The money raised by the California Air Resources Board, which voted 9-0, is intended to pay for the bureaucratic expenses of carrying out the state's 2006 global warming law, which requires greenhouse gas emissions statewide to be reduced by 25 percent over the next decade.
"It's never pleasant to be in the position of asking consumers to pay," chairwoman Mary Nichols said at the board's meeting in the Southern California city of Diamond Bar. "While we asking for investments here, these are investments being made as our economy begins to come back from the worst recession since the Great Depression."
The fee will be imposed at the end of 2010 and raise $63.1 million annually during its first three years. The amount will level off at $36.2 million in the fifth year.
Oil companies, manufacturers and utilities complained regulators had unfairly singled them out, leveling the fee on just 350 businesses in the state. Some business leaders also questioned the timing of the fee, which is being imposed while California endures a 12.2 percent unemployment rate, the highest on record.
"Given the economic climate, we believe it is extremely unwise to ask businesses to pay more government fees," said Jacque McMillan, a member of the Valley Industry Commerce Association, which represents businesses in the San Fernando Valley.
Republican gubernatorial candidate Meg Whitman earlier this week drew the ire of Gov. Arnold Schwarzenegger when she described the 2006 law he signed as a "job-killing" regulation. She said would suspend it if elected governor until its effects on the economy are better understood.
Part of the fee would cover the salaries of 174 people hired to implement the law since Schwarzenegger signed it.
About 350 businesses in California that make, sell or import gasoline, diesel, natural gas and coal would be charged roughly 15 cents for every ton of carbon dioxide that they and their customers emit into the atmosphere.
The average refinery would pay about $4.7 million and the average cement plant would pay about $150,000 a year, said Jon Costantino, manager of the climate change planning section at the air board. Cement plants would be subject to the fee because the chemical process they use to make cement produces greenhouse gases.
The charge would drop to 9 cents per ton of carbon dioxide in 2014 because loans approved in past years by the Legislature to initially run the program would be paid.
Regulators say the industries asked to pay the fee represent the starting point for roughly 85 percent of California's greenhouse gas emissions. For example, refineries process the fuel that California drivers put into their cars, and utility plants generate the electricity used to cool and heat the homes of the state's 38 million people.
The approach won the endorsement of environmentalists and public health groups who have long blamed industry for making products that pollute the air and sicken residents.
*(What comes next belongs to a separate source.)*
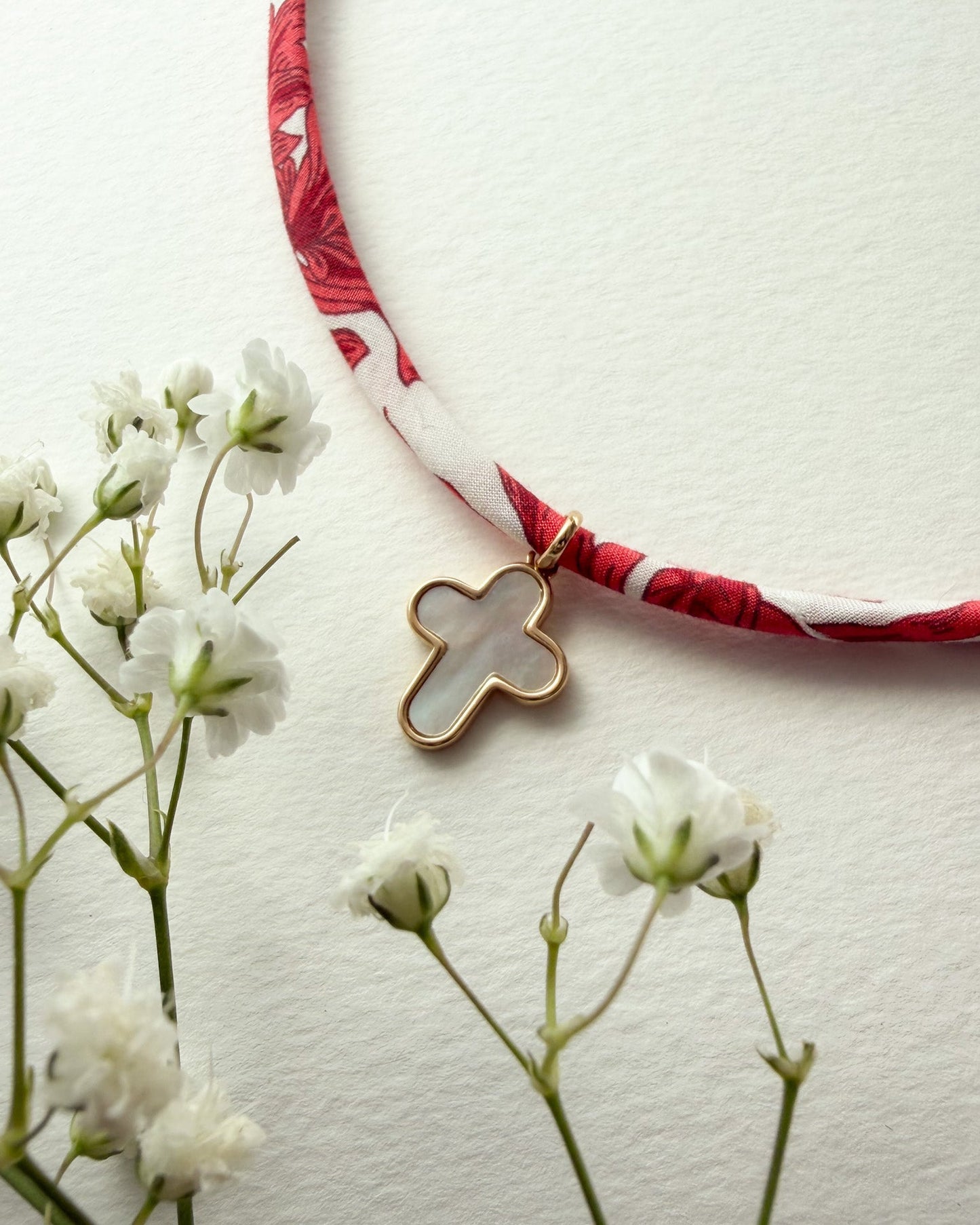 Collier Liberty & croix de nacre (plaqué or)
"California taxpayers have already borne the burden of this economy," said Bill Haller, a volunteer with the Sierra Club of California. "It's time for the polluter to pay for the pollution. They created it, they profited from it, and they should pay for it."
Oil companies and several utilities argued the fee unfairly holds them accountable not just for their own emissions but also for those generated by people who use their products. They also warned that regulators were proposing a fee that violates federal commerce laws by assessing a state fee on gasoline and electricity exports.
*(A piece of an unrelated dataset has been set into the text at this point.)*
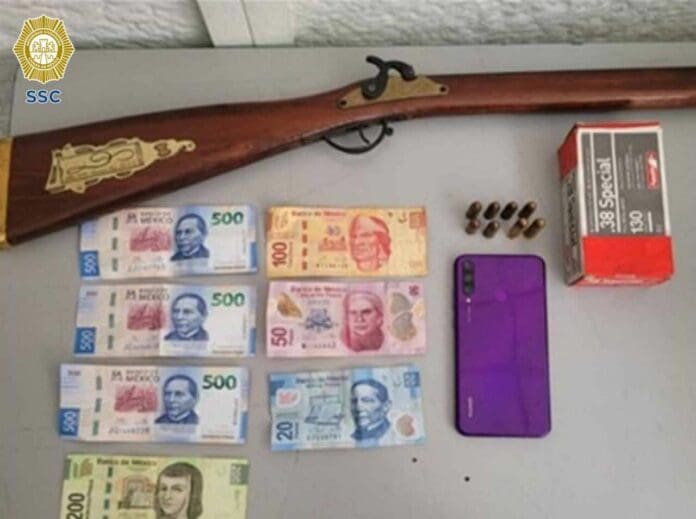 Capturan a un adolescente y dos hombres por asalto con una escopeta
"There will be potential federal court challenges on the Commerce Clause because you're assessing fees on fuels going to other states — Nevada, Arizona and Texas," said Catherine Reheis-Boyd, chief operating officer at the Western States Petroleum Association.
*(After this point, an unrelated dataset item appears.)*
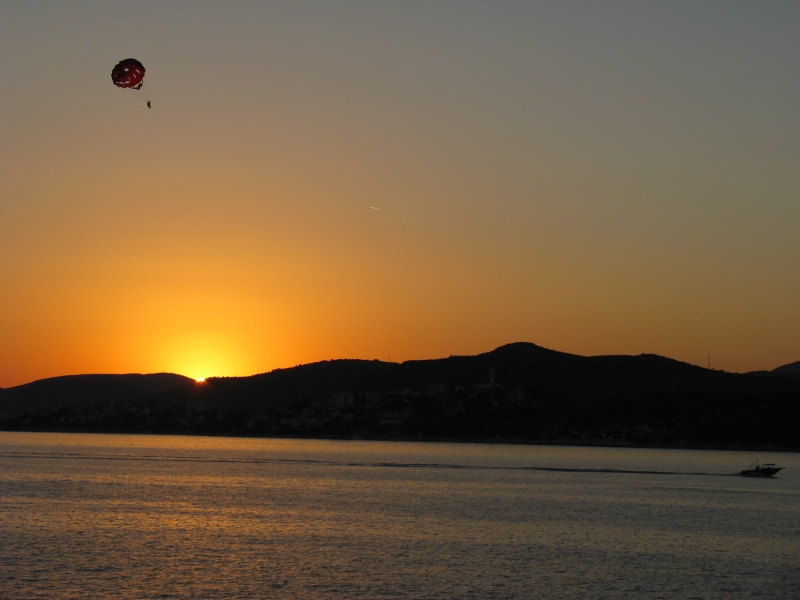 Parasailing al tramonto in Croazia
Regulators say industry could pass along the fee to consumers by raising their prices. For example, a family restaurant would see an increase of about $17 a year in its electricity and natural gas costs. The extra cost to each Californian to fuel a car that gets 30 miles per gallon would be about 80 cents a year.
A few local government entities have adopted similar fees. Last year, air regulators in the San Francisco Bay area imposed a 4.4-cent-per-ton carbon fee on businesses that emit greenhouse gasses. In 2006, voters in Boulder, Colo., imposed a carbon tax on their own energy use.